What is being asked.
All of the data should be output character for character, except the pictures.

Data.
================

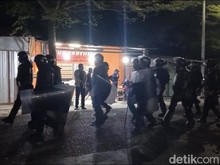 Bentrok Warga Nunu Vs Anoa di Palu Pecah Lagi, 1 Orang Tewas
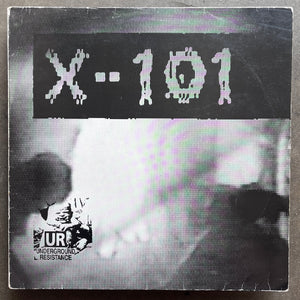 X-101 – X-101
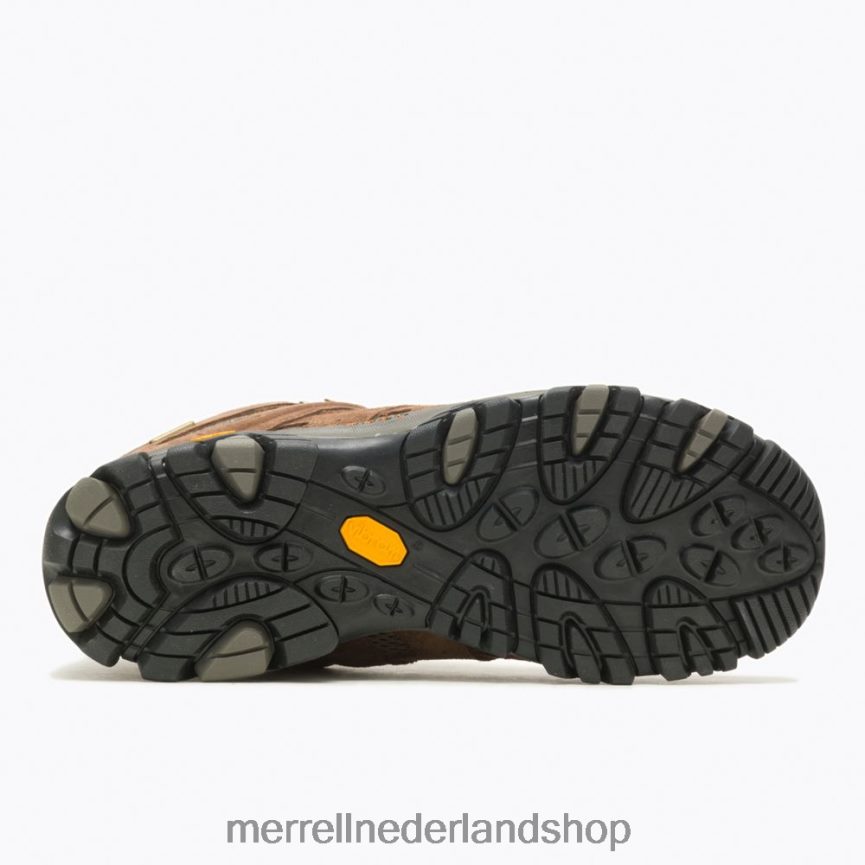 Merrell Heren 4FFP6T124 moab 3 midden waterdicht (j035839) schoenen aarde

================

Written solution.
 Bentrok Warga Nunu Vs Anoa di Palu Pecah Lagi, 1 Orang Tewas
 X-101 – X-101
 Merrell Heren 4FFP6T124 moab 3 midden waterdicht (j035839) schoenen aarde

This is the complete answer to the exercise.